Supermodel Kate Upton was pretty clear in her disdain for social media, telling online retailer Net-a-Porter’s fashion magazine Edit: “I feel like social media at this point is kind of bullshit.” Upton pointed to the increasing commercialization of celebrity social media accounts: “At the beginning it was amazing and a lot of fun. It was like, ‘Cool, I can talk to my fans!’ And now I think that we're losing the art of it… Now it's about who has the best marketing, not who has a really good personality.”
Upton also criticized the general atmosphere of hostility and cruelty online, especially surrounding women’s appearances: “ The Internet can be horrible, so I just don't look at it anymore.”

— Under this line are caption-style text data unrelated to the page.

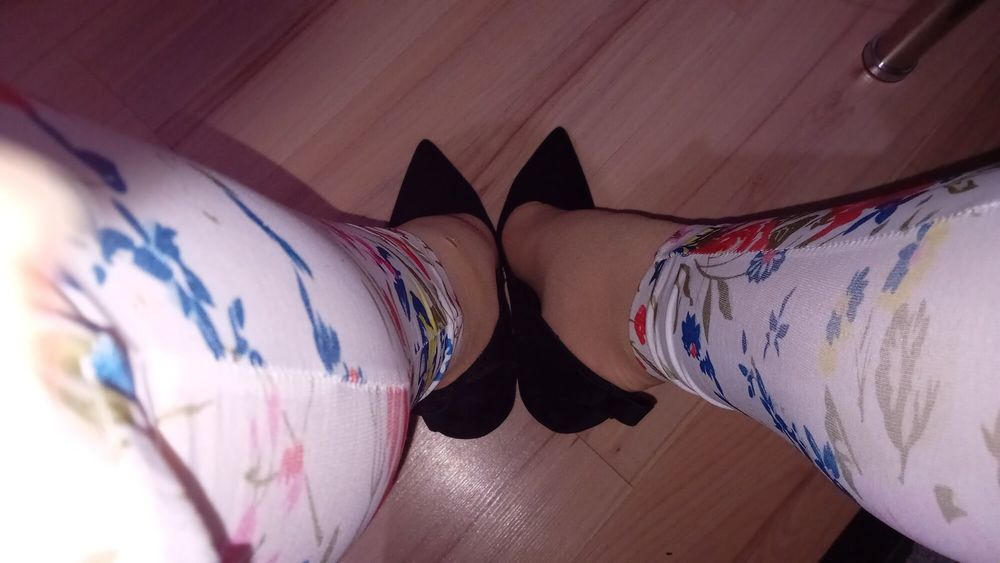 Crossdresser In Sexy Black Suede Pointed Toe High Heels #6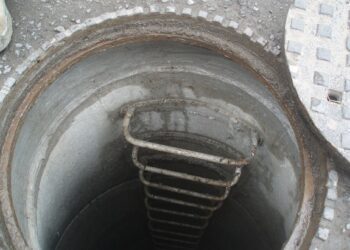 O fetiță de nouă ani și-a pierdut viața după ce s-a înecat într-un canal de scurgere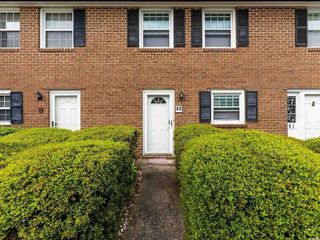 4505 N Kings Hwy Apt E2, Myrtle Beach, SC 29577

Also this week, in an interview with the AP, rapper Iggy Azalea said she plans to continue her hiatus from social media indefinitely: “Yeah -- so nice not to be on social media so I'm kind of going to continue that until, maybe forever.” Azalea announced that she was leaving Twitter last month after a very public argument with rappers Azealia Banks and Q-Tip, followed by an outpouring of fairly vicious comments about her appearance while wearing a bikini.
As always when I write about this topic, I feel the need to explain my interest and why I think it's important. Basically, I think that we may already be in the midst of a “Great Moderation” in social media usage, as people -- especially teenagers -- begin to gain more perspective on social media’s benefits and drawbacks. And while they are not likely to listen to advice from the likes of washed-up old people who are totes over the hill, they may well be inspired by the examples of their favorite supermodels and rappers. At least, I can only hope so.